[Start of Attachment]
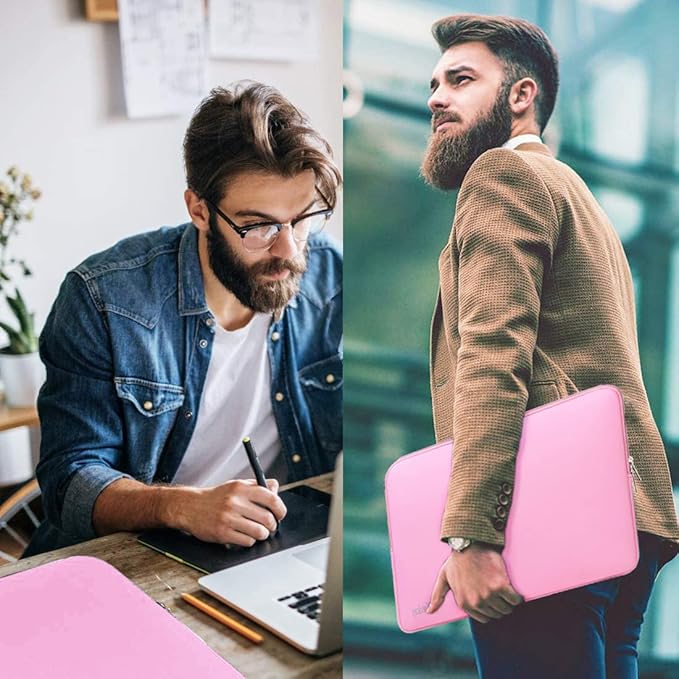 14 Inch Laptop Sleeve, Resistant Neoprene Laptop Sleeve/Notebook Computer Pocket Case/Tablet Briefcase Carrying Bag for 14 inch HP, Lenovo, Asus Notebook, Ultrabook, Pink
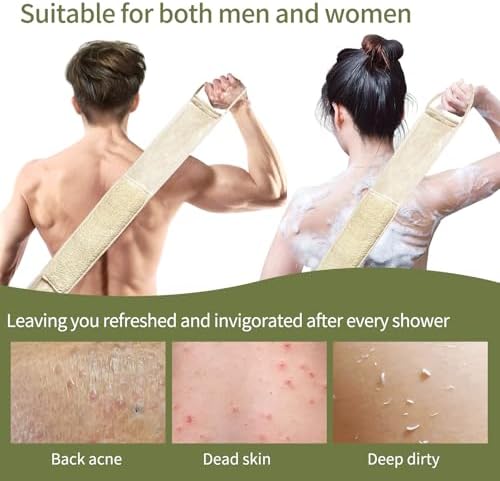 Natural Loofah Strap,Back Scrubber Made from Organic Loofa for Shower,Exfoliating Bath Luffa Sponge for Men and Women (2Pack)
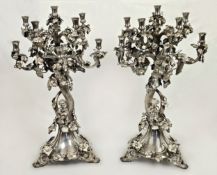 A Large Pair of Italian Buccellati Style Solid Silver Candelabra. Beautifully designed as tree-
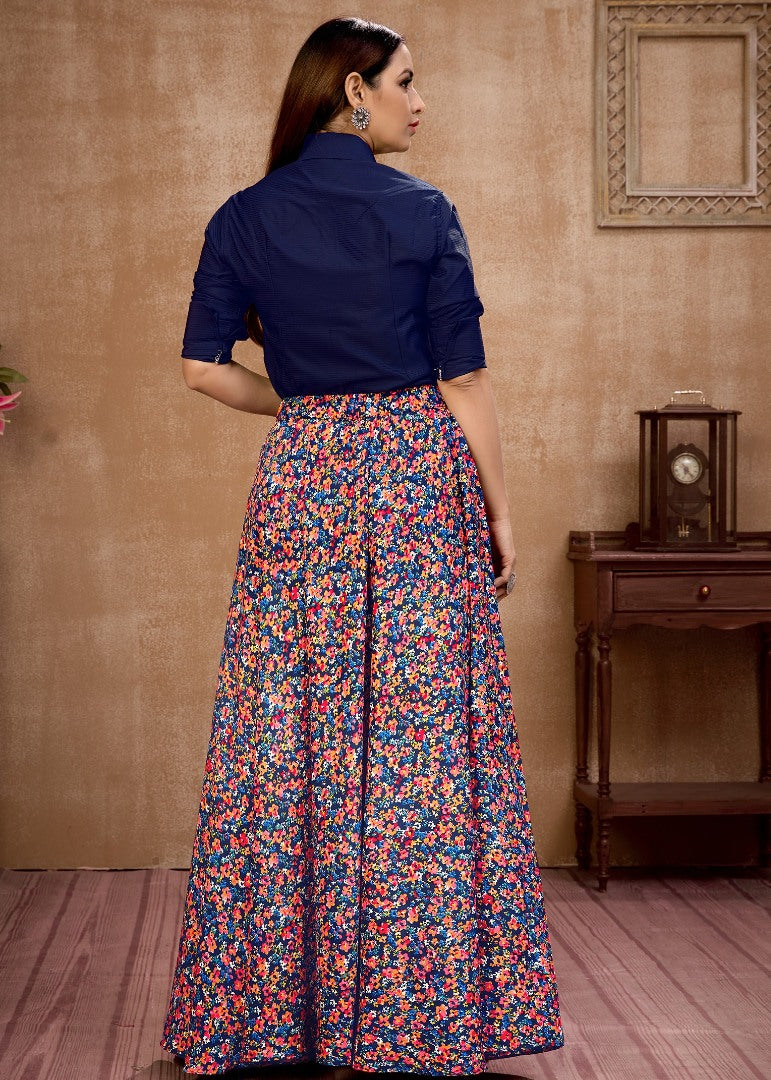Navy blue silk flower printed occasional wear crop top lehenga
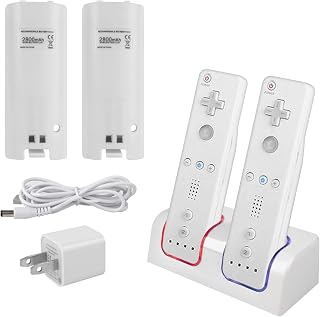 Kulannder Wii Remote Battery Charger(Free USB Wall Charger+Lengthened Cord) Dual Charging Station Dock with Two Rechargeable Capacity Increased Batteries for Wii U Game Remote Controller (White)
[End of Attachment]
#### [ACTION ITEM]
Only exact repeats of the lines from the one containing "A Large Pair" through the end of the listing above are wanted here; pictures are not.

#### [EXERCISE ANSWER]
 A Large Pair of Italian Buccellati Style Solid Silver Candelabra. Beautifully designed as tree-
Navy blue silk flower printed occasional wear crop top lehenga
 Kulannder Wii Remote Battery Charger(Free USB Wall Charger+Lengthened Cord) Dual Charging Station Dock with Two Rechargeable Capacity Increased Batteries for Wii U Game Remote Controller (White)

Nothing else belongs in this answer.